Exercise data >>
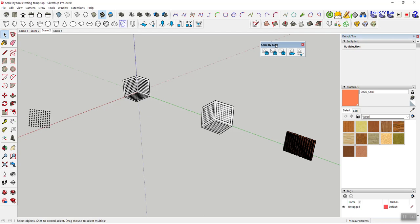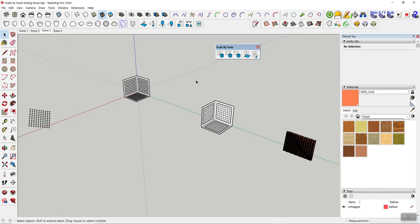I might post a few more videos because there are some really neat things you can do with this, especially for 3D printing and creating objects. But this gives you a bit of an intro to Scale by Tools, my newest extension. I hope you like it — let me know if you run into issues or want to show off some of the work you're doing with it.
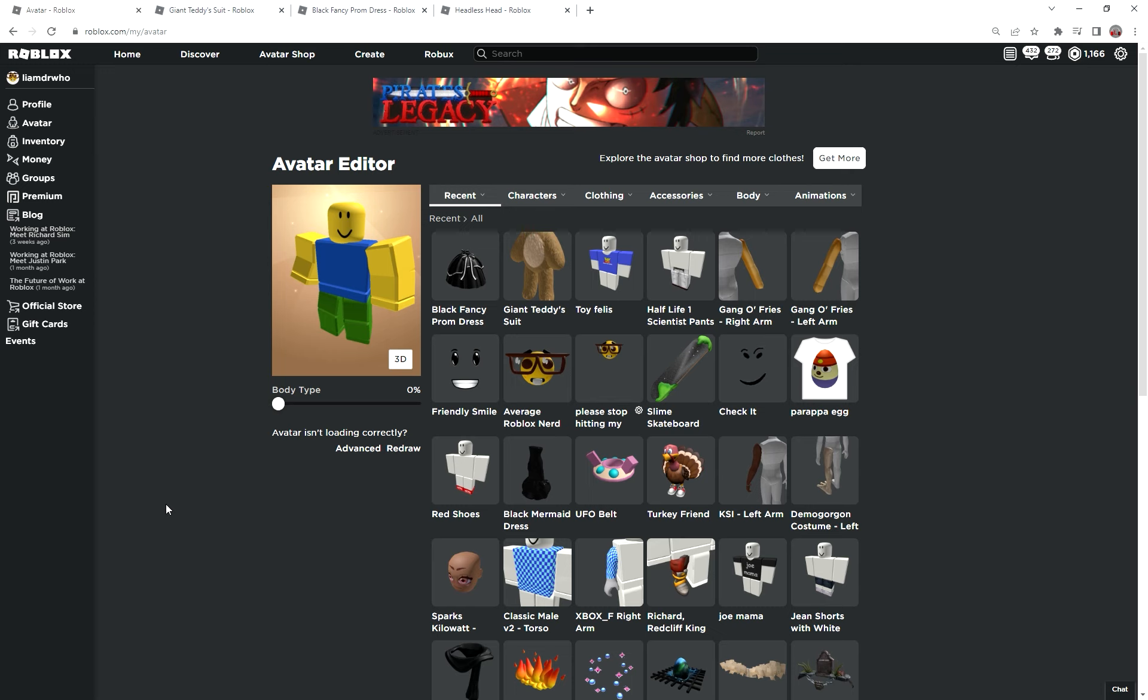Hey guys! Today I'm going to be showing you how to become invisible on Roblox. This will work on any game that supports the R15 avatar type, and it doesn't cost that much Robux. Still costs a bit to do.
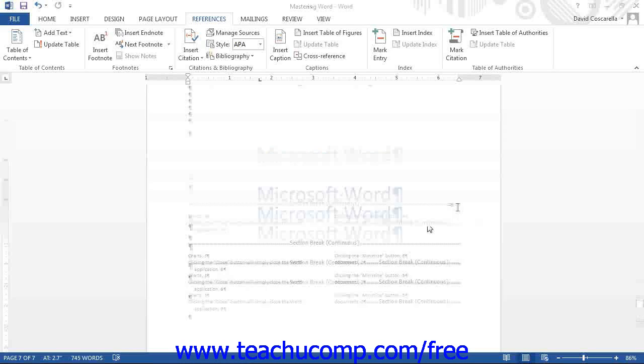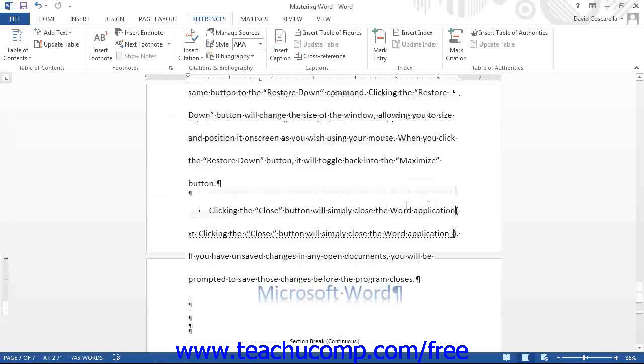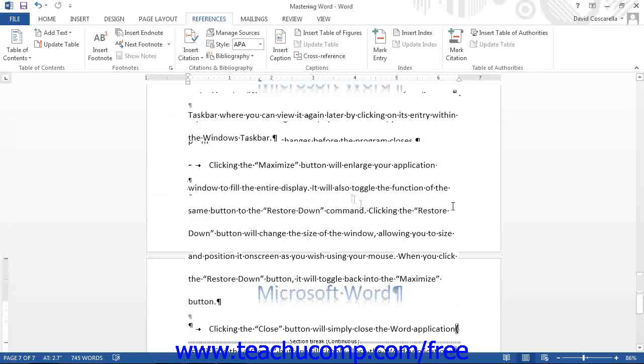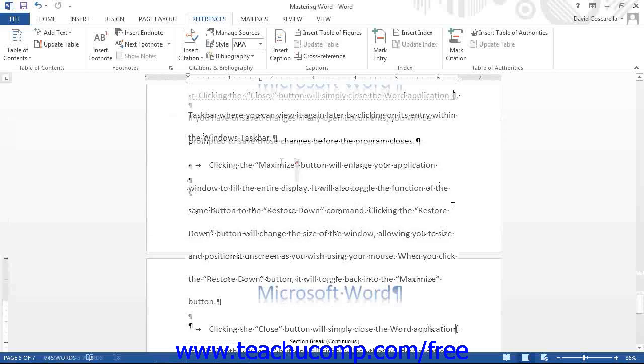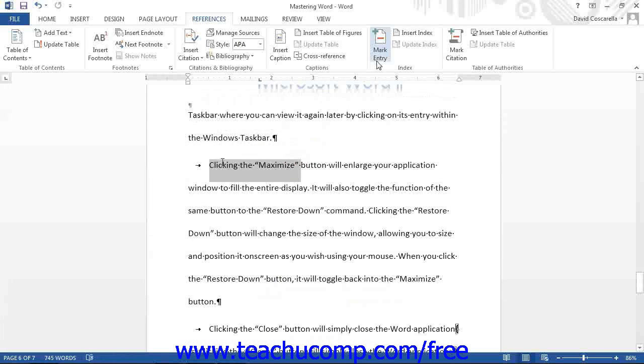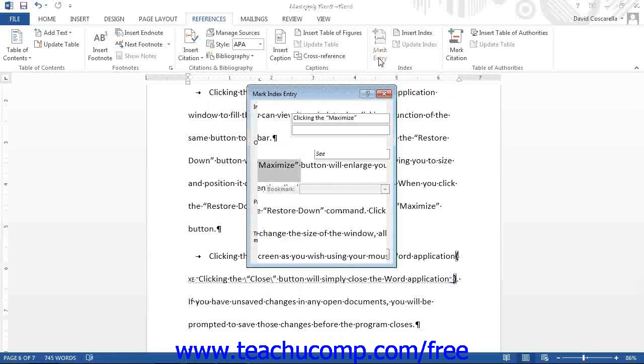First, let's make a change and mark an entry in our document.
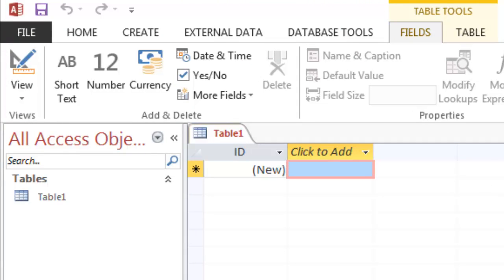This is only the first episode. Stay tuned for the following episodes because Access is such a huge topic. Hopefully you guys enjoyed this first episode of this mini series on Access 2013. If you have any questions or comments, leave them in the comment section below. Don't forget to hit that like button before you go, and I'll catch you guys later. Peace out.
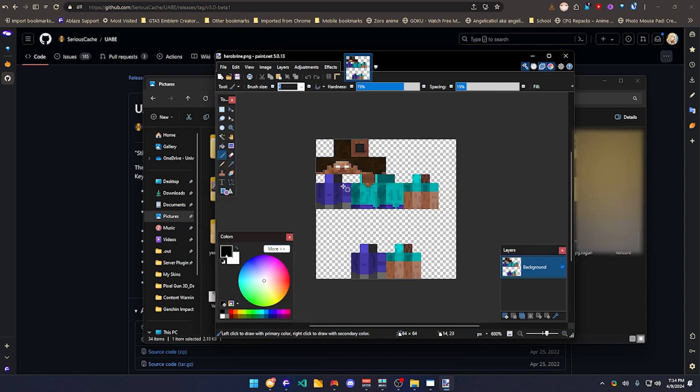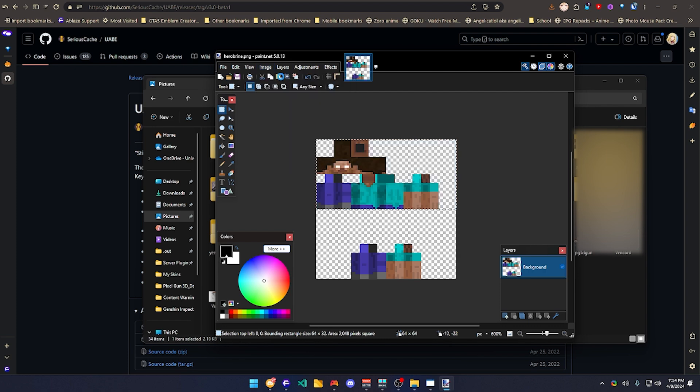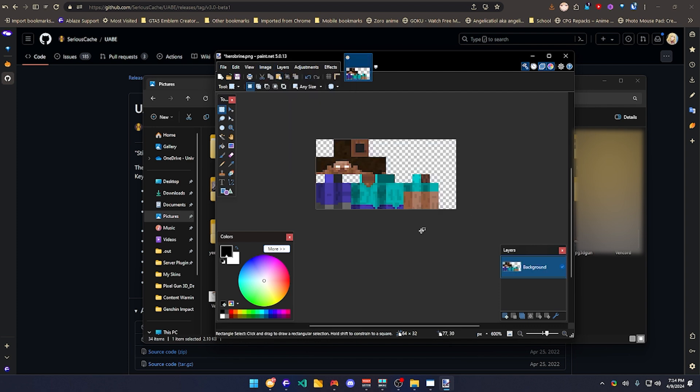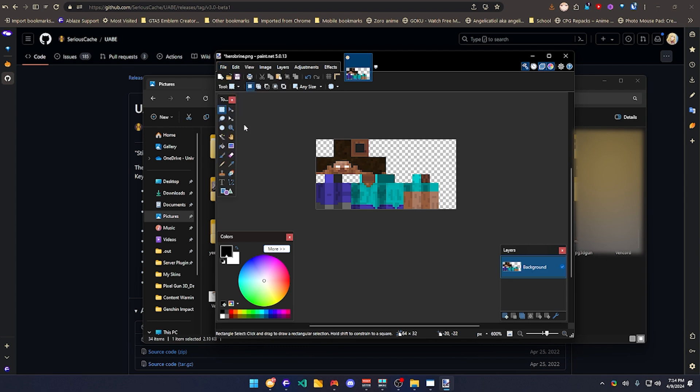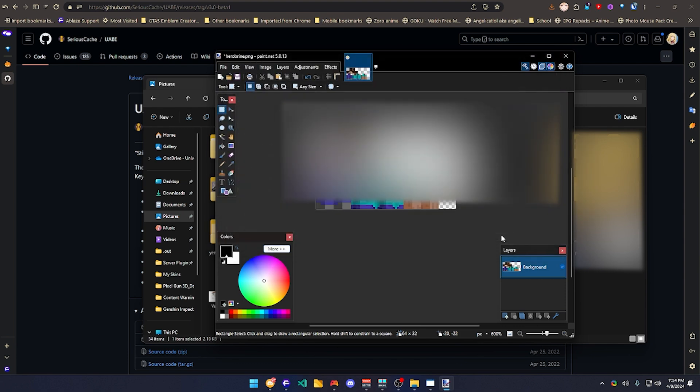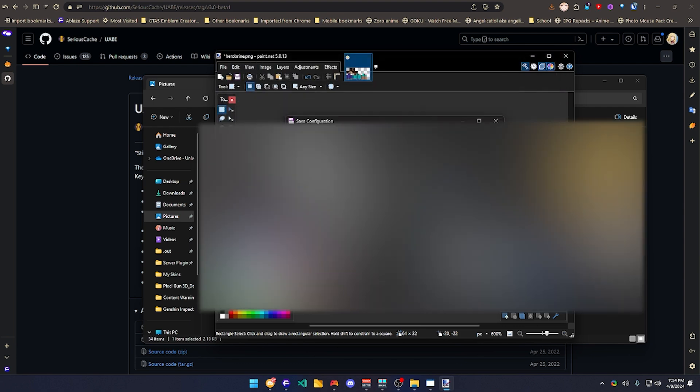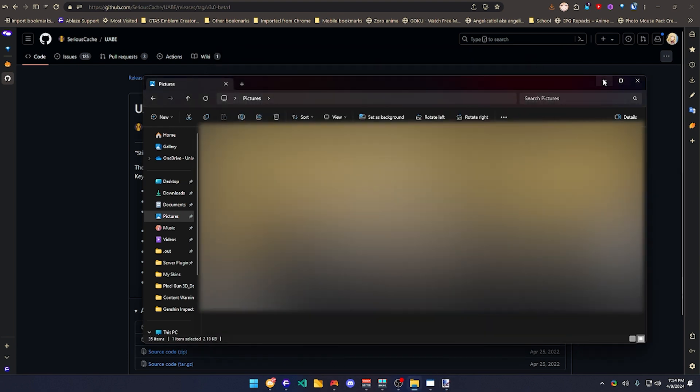Firstly, we're going to be removing this top part right here. So like this, we're just going to click over here and crop the selection. It has to be looking like this. Just click over here. I'm going to save it as Herobrine. Oh no. Herobrine 2. I'm just going to do that. Save. Done.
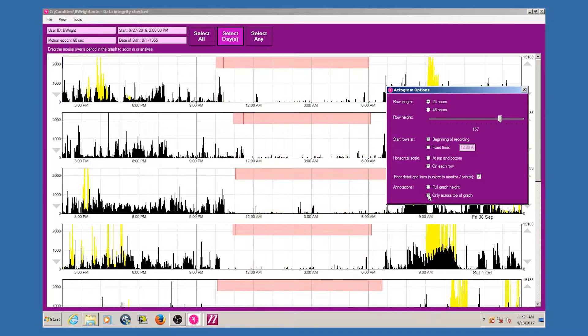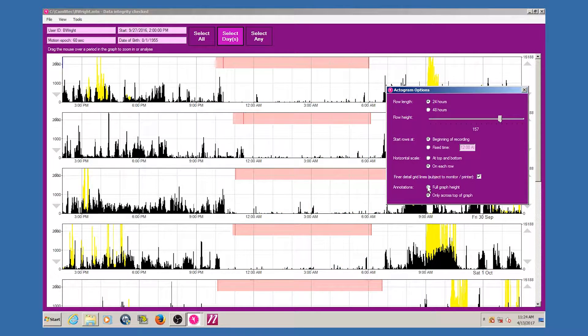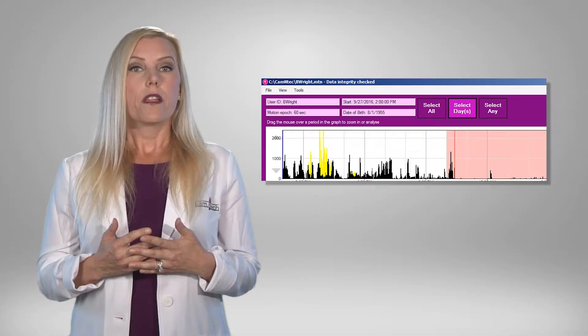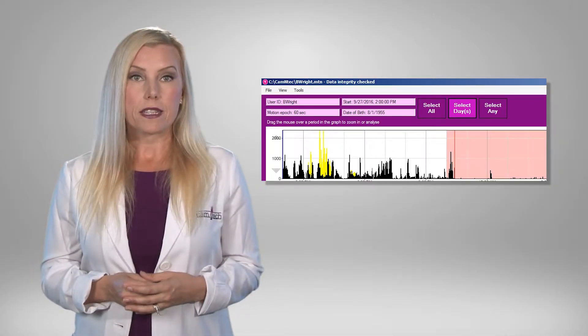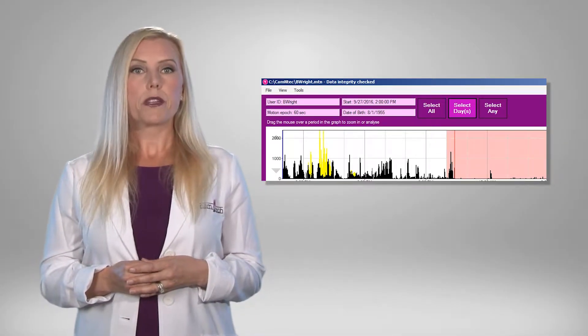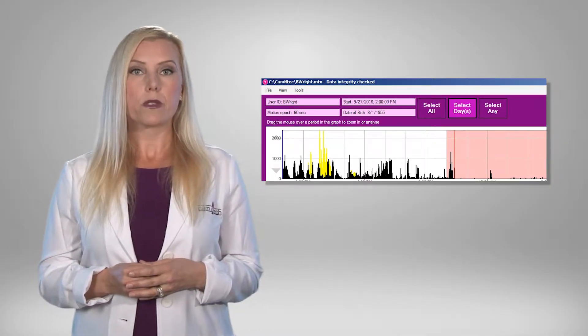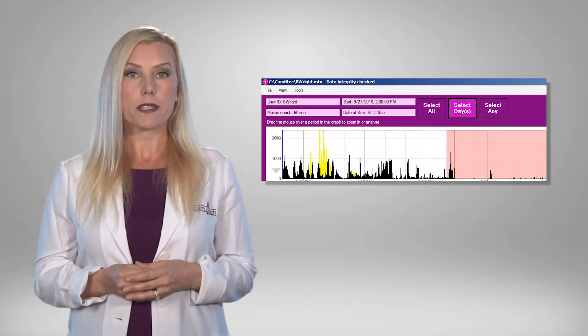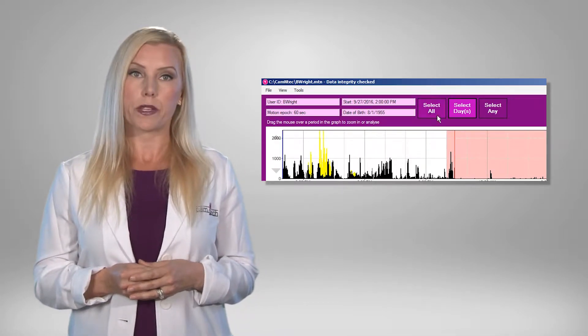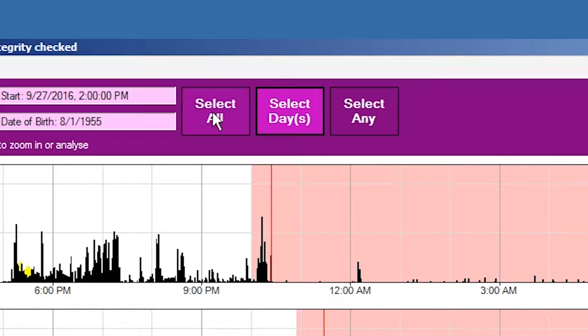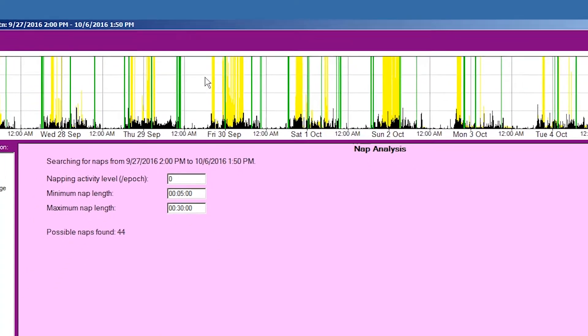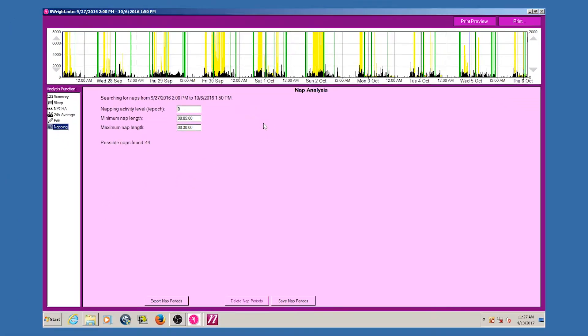There are three main selection options, which may be chosen by use of the control buttons at the top of the motion-wise window. The select all option allows a one-click selection for all days of data ready for a multiple-day analysis such as NPCRA.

Work to be completed >> Write every record out again exactly as written. Pictures don't belong in the copy.

Response >>
I might post a few more videos because there are some really neat things you can do with this, especially for 3D printing and creating objects. But this gives you a bit of an intro to Scale by Tools, my newest extension. I hope you like it — let me know if you run into issues or want to show off some of the work you're doing with it.
Hey guys! Today I'm going to be showing you how to become invisible on Roblox. This will work on any game that supports the R15 avatar type, and it doesn't cost that much Robux. Still costs a bit to do.
First, let's make a change and mark an entry in our document.
This is only the first episode. Stay tuned for the following episodes because Access is such a huge topic. Hopefully you guys enjoyed this first episode of this mini series on Access 2013. If you have any questions or comments, leave them in the comment section below. Don't forget to hit that like button before you go, and I'll catch you guys later. Peace out.
Firstly, we're going to be removing this top part right here. So like this, we're just going to click over here and crop the selection. It has to be looking like this. Just click over here. I'm going to save it as Herobrine. Oh no. Herobrine 2. I'm just going to do that. Save. Done.
There are three main selection options, which may be chosen by use of the control buttons at the top of the motion-wise window. The select all option allows a one-click selection for all days of data ready for a multiple-day analysis such as NPCRA.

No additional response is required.